With a Wes Anderson film, there's always a sense that something isn't right—that what you're seeing couldn't be real. Like, why does everyone in The Royal Tenenbaums act as if they live in the 1970s? Or why is no one killed in the shootout between the pirates and Team Zissou in The Life Aquatic? Then there are the eccentric characters: the enthusiastic Max Fischer of Rushmore, the delusional Dignan in Bottle Rocket. Through his distinct style—and his meticulous, colorful visual aesthetic—Anderson typifies the words "unconventional" and "idiosyncratic." Still, surreal as his works might be, they couldn't be more real when it comes to reflecting human experience. Infused with hope and humanity, they connect with us and challenge our pessimistic perceptions of life.

Moonrise Kingdom epitomizes this paradox, right from the opening sequence. It begins in a 1960s New England home filled with kitschy colors and decor—a typical Andersonian mis-en-scene. Through symmetrical tracking shots, we watch a family go about their everyday lives as if they were in a dollhouse with us peeking in. A husband and wife, Walt (Bill Murray) and Laura Bishop (Frances McDormand), sit bored in separate rooms. Elsewhere, their three young boys lie on the floor listening to a record, while their pre-teen sister, Suzy (Kara Hayward), reads a book and later appears peering through a set of binoculars. These offbeat sequences, though out of reach from reality, seem familiar, connected, nostalgic—like we've played these parts before. They also offer insight into the family we're observing—the literal divide between the parents, the album being played, the book being read—as well as the film.

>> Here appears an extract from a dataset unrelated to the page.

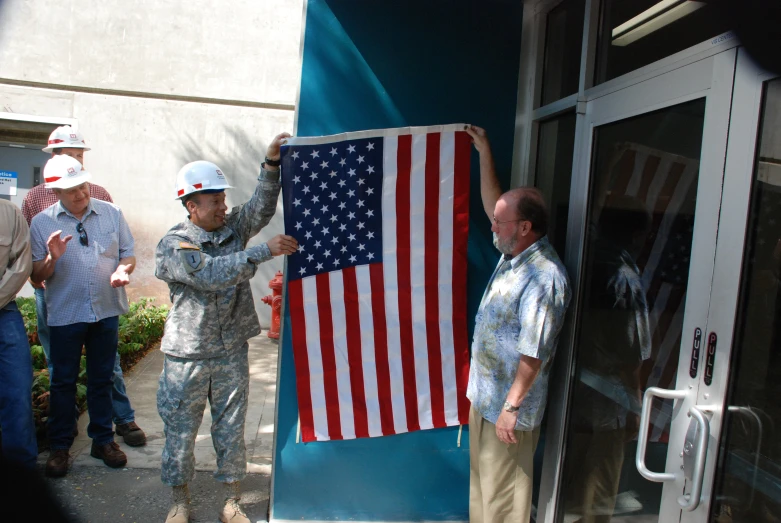 an american flag being displayed with two men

Bruce Willis as Captain Short

Bruce Willis as Captain Short

The film continues in the same vein—seemingly in another world while also feeling close to home. The story, written by Anderson and Roman Coppola, centers on Suzy and Sam (Jared Gilman). Suzy comes from a seemingly functional family, but she sees through the facade—specifically her mother's secret affair—and, out of resentment, rebels. Sam, an orphan and member of the local Khaki Scouts, is similarly troubled, not because of a dysfunctional family but because he has no family at all. When the two unhappy juveniles' eyes meet backstage at a church production of Noah's Ark, it's love at first sight. They start writing each other letters, and their young love leads them to run away into the woods, where they escape their troubled world to create a new one together—the "Moonrise Kingdom"—all while a local search party hunts them down, and a fierce storm brews overhead.

Article continues below
Kara Hayward as Suzy, Jared Gilman as Sam

Kara Hayward as Suzy, Jared Gilman as Sam

This plot appears pretty conventional, but through a number of eccentricities—his trademark style—Anderson assures us it's not. In terms of tone and energy, the story settles into a Badlands, Bonnie and Clyde type narrative—minus all the killing and crime, of course—and several strange scenes set it off. From a deadpanned Bob Balaban as the Steve-Zissou-like narrator, to Suzy and Sam dancing in their underwear on the beach, to a ridiculous showdown between Sam and a group of armed Khaki Scouts, these scenes come to the screen with Anderson's quintessential quirk. Set to ironic images against an original score from Alexandre Desplat and hits from Hank Williams, the film has an otherworldliness that makes every Anderson film surreal and strange—as do its unusual characters:

  • Lazy Eye, a skinny boy with a bandage over his eye
  • The apathetic Walt (an always amusing Murray), who in one scene walks through a room with an axe and bottle of hard drink
  • Scout Master Ward, a serious and sensitive leader played by an understated Edward Norton
  • Social Services—yes, that's her real name—a brilliant cameo from Tilda Swinton
  • Bruce Willis' melancholic Captain Short, a character for whom we develop immense sympathy
  • Sam'sCousin Ben (Jason Schwartzman), who proves ridiculous enough to marry Sam and Suzy
Bill Murray as Mr. Bishop

Bill Murray as Mr. Bishop

Typical of Anderson, these exaggerated characters are both larger than life and incredibly true to life. They're so different and yet so very like us, embodying our same struggles and feelings. They draw us in and make us care. Through the paradox—the surreal being real—Moonrise doesn't prove abstract but instead feels close, concrete, and utterly human. We feel especially the reminiscence of childhood and first love, recalling the pains and pleasures of youth—rebelling against authorities, running free with no sense of responsibility. Such memories may invoke a mixed bag of feelings but in the right sort of way, as we are forced to step back and remember.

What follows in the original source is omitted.